# I'm Bored.



## Ninn (Oct 28, 2006)

My housework is done. My laundry is done. My garden is put to bed. My dog is walked and fed. My cat is doing her psycho thing in the kitchen. I have no work to do. Anyone need help today?


----------



## manygoatsnmore (Feb 12, 2005)

Always.....

Actually, except for dd's messy bedroom, my house isn't too bad today. Just need to finish doing laundry at ds's (here now) and go home to do a quick cleaning. Now the outside has plenty I could be doing, but I think I'll be sleeping instead. I worked last night and it's raining. Blech!


----------



## jbowyer01 (Aug 4, 2008)

You could always go to my house. I never seem to get caught up on things.

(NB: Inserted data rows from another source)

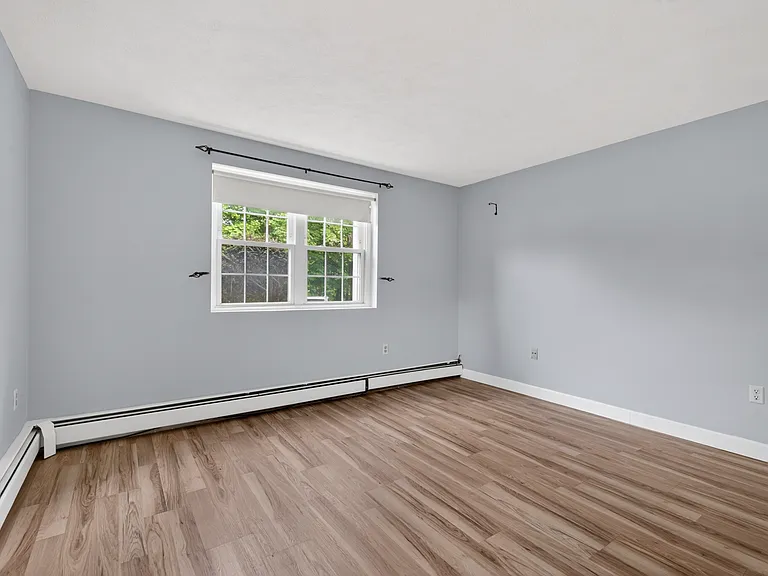 7 Karen Cir #2A — Photo 18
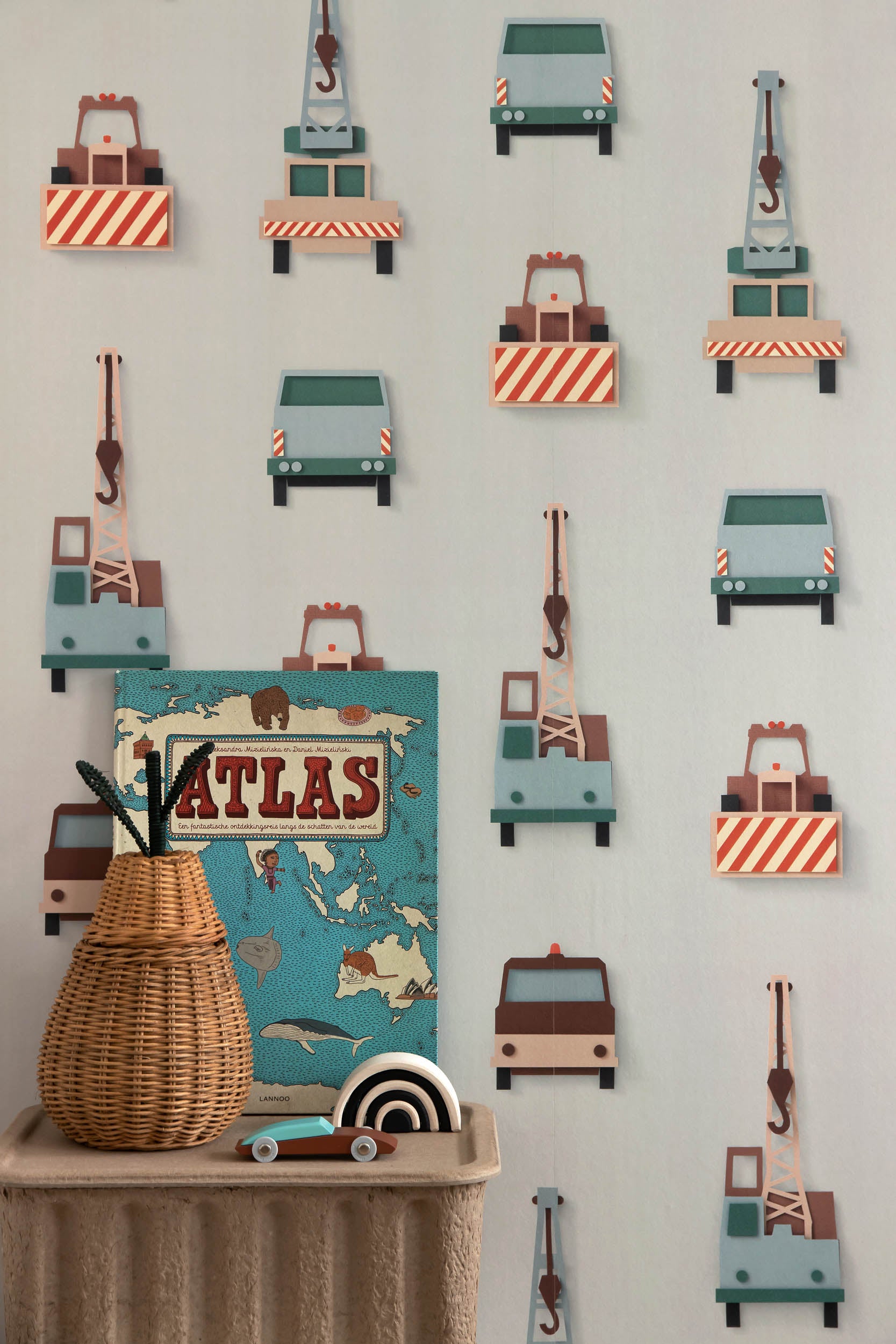 Studio Ditte Kraanwagen Lichtgrijs Behang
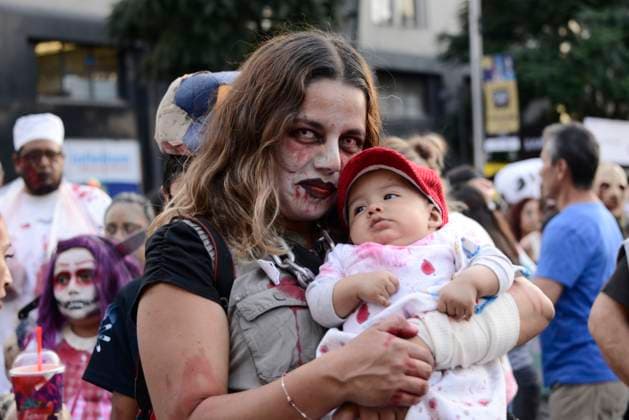 October 21, 2023, Mexico City, Mexico: Participants disguised as Zombies take part during the Annual Zombie Walk at Mexico City s downtown. on October 21, 2023 in Mexico City, Mexico. Mexico City Mexico - ZUMAe321 20231021_zia_e321_083 Copyright: xCarlosxTischlerx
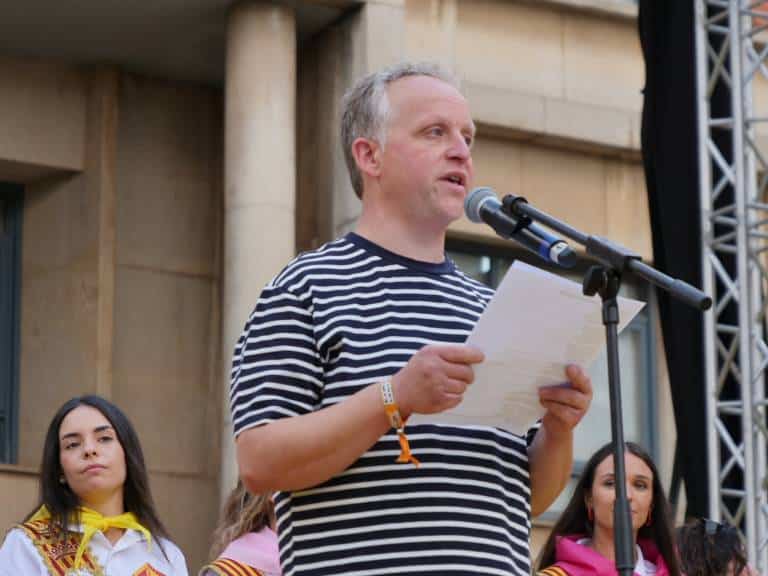 Tras el pregón, la Plaça Major se convirtió en el corazón de la segunda edición de La Crida Fest, un festival musical que hizo vibrar al público con sus actuaciones.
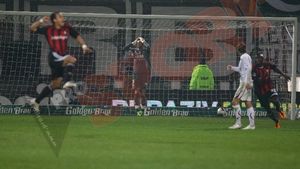 Rapid ar putea transfera un portar în iarnă!** Exasperat de Straton, Copos l-a sunat în pauza meciului cu Astra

Though I know it would be a thousand mile drive. (I use to live in Perkasie, Pa) But your more than welcome to enjoy a Georgia winter day!


----------



## cow whisperer (May 3, 2007)

Ninn, I'm right there with ya.... Since we moved to a smaller place with no kids, I have nothing to do....

Yesterday I completely emptied out my fridge & tore apart my oven & scrubbed them.... Today I emptied out the kitchen freezer, wiped it out, & organized everything.... then I emptied out my cabinets & reorganized all my food in there.... I am saving the vacuuming, so I have something to do later.... LOL....


----------



## sewsilly (May 16, 2004)

Uhm,,, yes... You can get down here and help me get ready for a huge Thanksgiving crowd!

goodness...

dawn


----------



## mammabooh (Sep 1, 2004)

Ninn and cow whisperer...I see that you are both in PA. I'm right next door in Ohio and have plenty of work to keep both of you busy for many a week. I'll even let you throw out stuff that you deem unnecessary.

When can I expect you?


----------



## Ninn (Oct 28, 2006)

Mammabooh~

I'd be delighted to come down and do the trash bag drag with you this spring! Wanna make solid plans? I have no emotional attachments to anything you own, so be warned. If you don't love it or haven't used it in 6 weeks, OUT IT GOES!! My older son will need to be back over there for the birth of his child, so I'll likely be going with him. Pm me and we'll set something up.

I've managed to find a few projects to keep me busy for a couple of days, as that son is moving back home on Tuesday. (girlfriend is in the nuthouse....jeeez!) So, I'm cleaning out his brother's room and closet for him, so he has a place to sleep other than my sofa.


----------